“Opportunistic analysis” sounds easier than it really is

First some background. As I explained in my first post, I work in a marketing department now but I used to work for the Department of the Army. I worked hard to make my data as publicly-releasable as possible because I worked on long-term, strategic types of issues. Before I left, it was standard practice to turn some of the analyses into manuscripts for open publication, and I’m still working on those manuscripts now that I’ve left. I was working on one last night – a project on attacks in Afghanistan – and realized it might be useful to have a monthly record of overall troop levels to augment one part of the analysis.

Holy cow, it’s really hard to get that information.
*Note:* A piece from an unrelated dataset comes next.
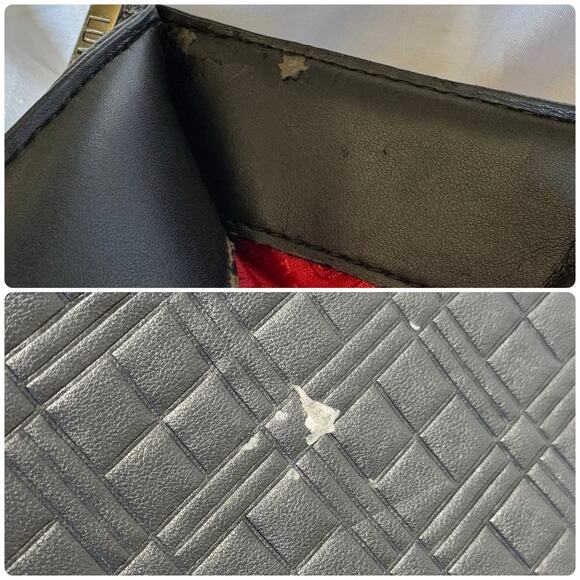 LOVE MOSCHINO Faux Leather Black Quilted Shoulder Purse Tote Bag Double Strap - Picture 10 of 12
You might be thinking that I’m just a poor planner. I worked for the Army, so it seems I should have thought of this need earlier and figured out how to get those numbers a long time ago. I actually did think of this need earlier – a couple of years ago. I looked for the information then and couldn’t find it. The frustration of that search seems to have dimmed in my memory over the ensuing period of time, but it all came back in a wave last night. For example, take a look at this:

Troops levels in Afghanistan and Iraq - NPR

It’s a graph of troop levels in Iraq and Afghanistan that was presented in an NPR story. The original is here. Notice the Afghanistan line is missing in parts. On the original web page, underneath the graph, it says two things: “Note: Data not available for some months” and “Source: Department of Defense.” In other words, NPR got those data from the people who are actually conducting the war, and those people themselves didn’t know how many troops were on the ground for some months.
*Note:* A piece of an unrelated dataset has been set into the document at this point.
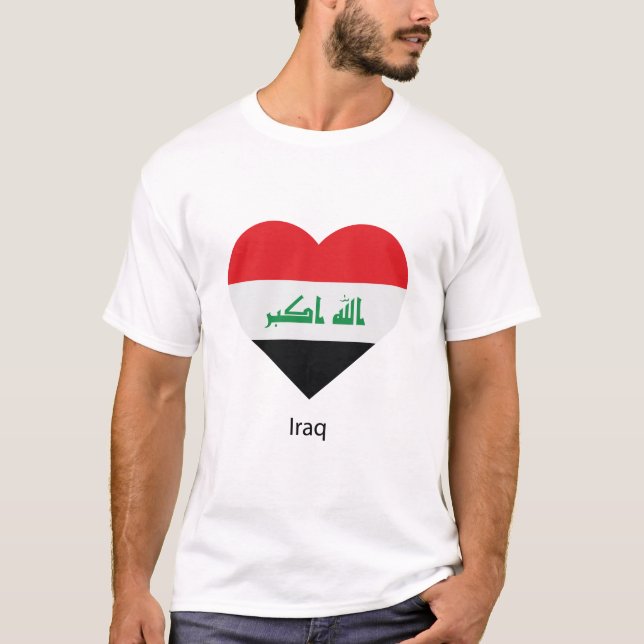 T-shirt Aimer l'Irak (Devant)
This isn’t just a case of NPR not getting access to the data. The Congressional Research Service wasn’t able to get it either. In this report, they have to spend a few pages explaining how there was no straight answer to the question of how many troops were in Afghanistan at any given time. Part of that is a legitimate definitional problem – large-scale troop records often talk about the operation to which the troops were assigned, not the location. So a lot of troops assigned to the Afghanistan conflict were actually residing in other countries, doing support work. However, part of the problem was that the CRS actually got conflicting reports. They said the “Boots on the Ground” reports, prepared by the Department of Defense, probably contained the best estimates, but those could be biased if troops were “not present on the day of the head count.” That’s right. When DoD wanted to know how many troops they had in Afghanistan, they had to go count them. Footnote 89 is also interesting:”DOD did not send Congress Boots on the Ground Reports for October 1 and November 1, 2008.”
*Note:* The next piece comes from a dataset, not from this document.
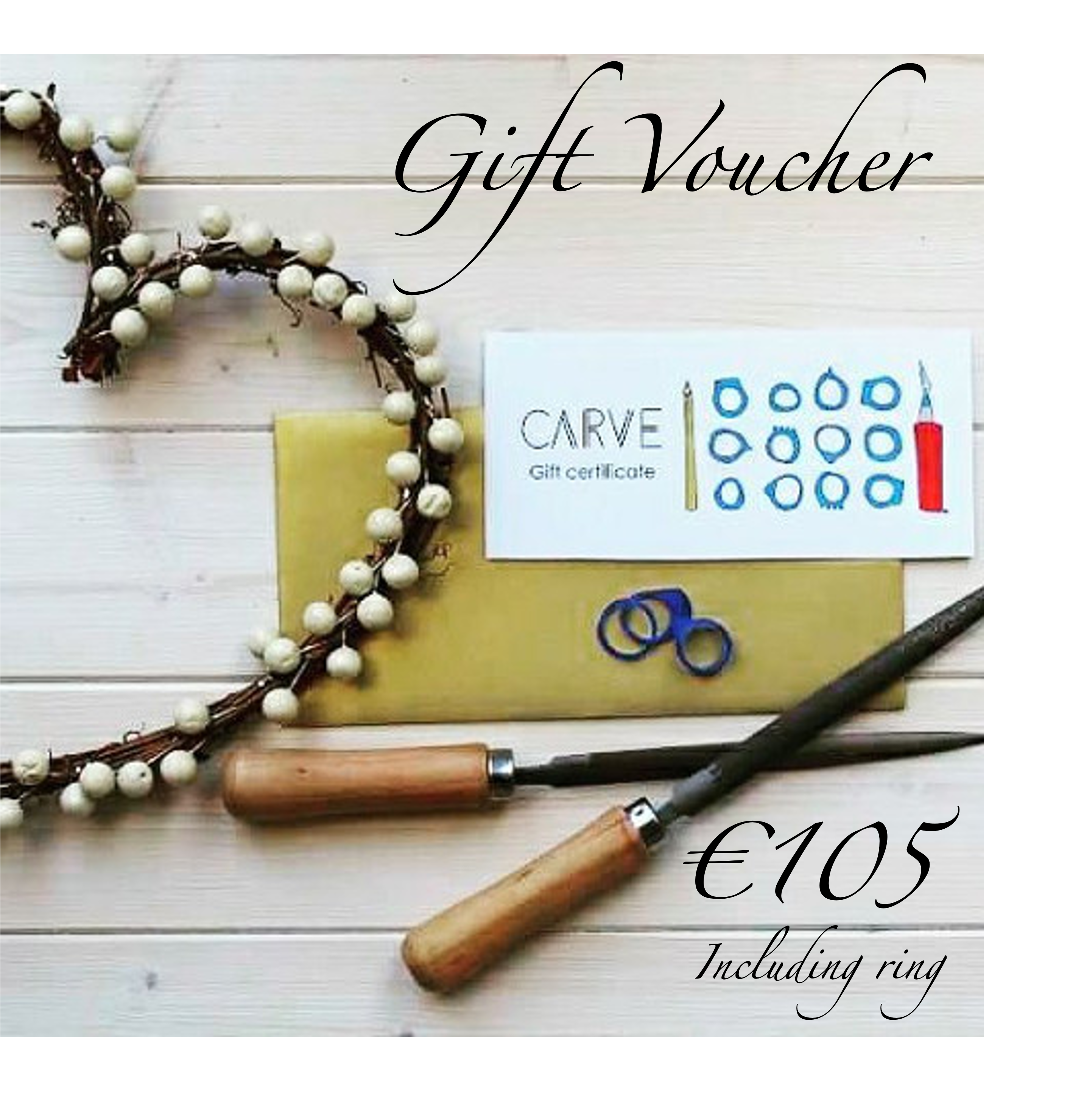Gift Voucher for workshop experience (Casting of sterling silver ring included)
So we can’t assume that the data are actually stored some place and that the public just doesn’t have access to them. It seems it’s actually realistic to believe that perhaps no one has really been keeping those sorts of records.

So I started looking for other sources. That’s when I came across this:

Troop levels in Afghanistan - Brookings Institution

What’s I’ve pasted here is actually a still of this interactive graph produced as part of the Brookings Institution’s Afghanistan Index. If you roll your mouse over any particular part of the graph, it will tell you how many Afghan Security Forces, U.S. troops, and other foreign troops were in the country at any given time. As the graph says, they had to estimate levels for many months, but at least they have the estimates – and they’re up front with how they arrived at them.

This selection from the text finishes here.